Fixer adalah istilah yang merujuk pada seseorang yang selalu punya dorongan memperbaiki atau mengubah sikap orang lain menjadi lebih baik sesuai standarnya.

Dalam konteks lagu di atas, terdapat dugaan bahwa isinya berkaitan dengan upaya yang dilakukan Swift untuk Matty Healy.

Vokalis The 1975 yang dirumorkan pernah jadi teman kencan Swift ini dikenal karena sering menimbulkan kontroversi publik. Sepak terjangnya berlawanan dengan citra Swift yang dikurasi sedemikian rupa sebagai figur publik panutan anak-anak muda di penjuru dunia.

Keinginan menjadi fixer memang lazim ditemui dalam relasi romantis.

Coba, ada berapa banyak dari kita yang pernah merasa yakin bahwa kita memiliki kemampuan untuk memperbaiki karakter kekasih yang, misalnya, mudah marah?

Apakah kamu, atau salah satu kenalanmu, percaya bahwa karakter pasangan akan berubah menjadi lebih penyayang dan lembut setelah kalian menikah dan memiliki anak?

Sebagian dari kita mungkin juga pernah berupaya untuk membantu kawan yang judes dan problematik, saudara yang sepertinya tak punya tujuan atau semangat hidup, kerabat yang kesulitan mencari pekerjaan atau sedang berkonflik dengan orang lain.

Tidak bisa dimungkiri, memiliki kecenderungan “memperbaiki” orang lain sepintas terdengar seperti tindakan yang mulia.

Sayangnya, “memperbaiki” orang lain ternyata dapat menimbulkan dampak merugikan bagi diri kita sendiri.

Ini dialami oleh Toni Bernhard.

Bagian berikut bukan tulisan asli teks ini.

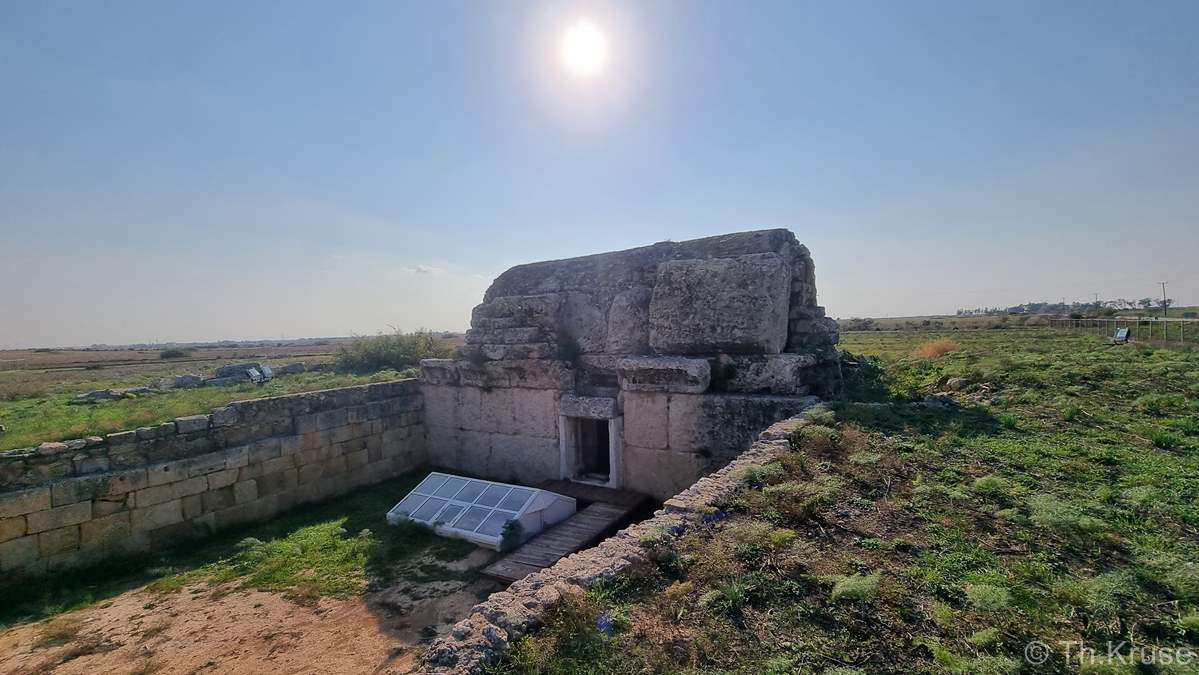 Παρεκκλήσι Αγίας Αικατερίνης Έγκωμης (Ανασκαφικός χώρος)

Pensiunan dosen yang kini aktif menulis buku-buku self-help ini ternyata pernah menghabiskan sebagian besar hidupnya menjadi fixer.

Dalam artikelnya di Psychology Today, Bernhard bercerita betapa dorongan menjadi fixer menjadi sangat kuat saat dirinya menjabat posisi dekan kemahasiswaan. Dia merasa harus selalu memastikan bahwa mahasiswanya bahagia, baik di dalam maupun di luar kelas.

Bernhard bahkan pernah menangani pertikaian antara dua mahasiswa yang tinggal sekamar. Duduk perkaranya sepele, mereka saling tuduh bahwa temannya mengubah suhu AC di kamar.

Padahal, beban kerja akademik dan adminsitratif Bernhard sudah sangat berat.

Bernhard juga menjadi fixer untuk kedua anaknya. Dia selalu mengintervensi, berupaya mencegah agar anak-anaknya tidak bersedih atau merasa kecewa.

“Kalau terjadi sesuatu, aku akan menelepon guru mereka, atau orang tua yang anaknya kuanggap bermasalah,” tutur Bernhard, yang mengaku bahwa dia terus berusaha memperbaiki kehidupan anak-anaknya ketika mereka sudah dewasa dan berkeluarga.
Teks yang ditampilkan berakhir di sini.